Exercise objective:
Go line by line through the entries below and count those containing the string "Ford"; give only the count.

Supplied data:
--------------------------------------------------

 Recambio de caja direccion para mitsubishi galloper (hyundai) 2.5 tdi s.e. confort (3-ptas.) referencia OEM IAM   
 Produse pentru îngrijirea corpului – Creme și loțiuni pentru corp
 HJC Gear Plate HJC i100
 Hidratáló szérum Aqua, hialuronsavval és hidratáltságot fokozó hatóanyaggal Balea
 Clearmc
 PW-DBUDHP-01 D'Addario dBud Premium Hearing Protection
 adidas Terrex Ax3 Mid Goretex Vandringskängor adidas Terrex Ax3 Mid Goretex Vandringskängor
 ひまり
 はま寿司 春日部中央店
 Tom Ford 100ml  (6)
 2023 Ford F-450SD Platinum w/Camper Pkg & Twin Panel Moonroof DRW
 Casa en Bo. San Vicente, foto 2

--------------------------------------------------

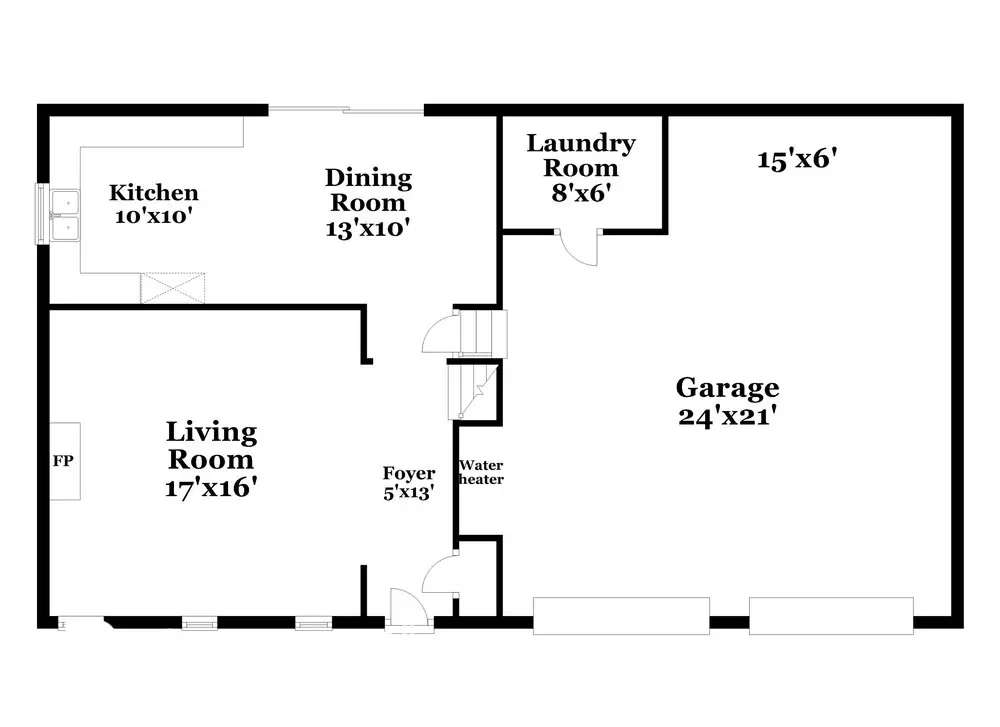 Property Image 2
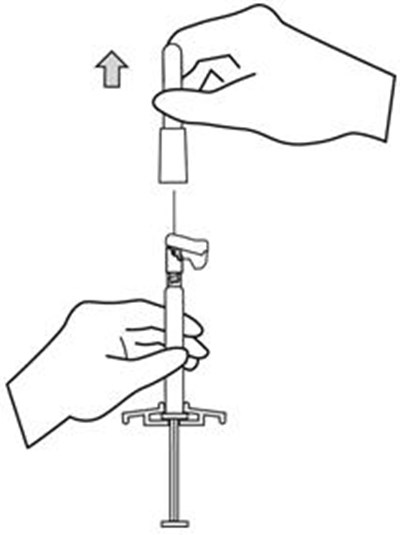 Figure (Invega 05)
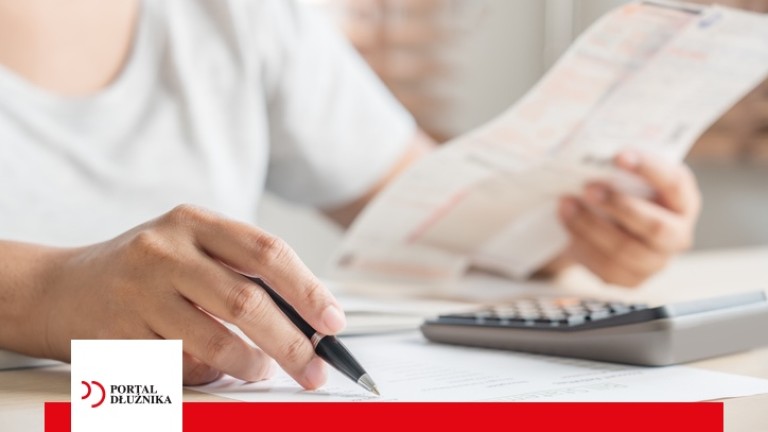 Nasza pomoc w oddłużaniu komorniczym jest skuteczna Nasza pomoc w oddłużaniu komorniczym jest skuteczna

--------------------------------------------------

Solution to this exercise:
2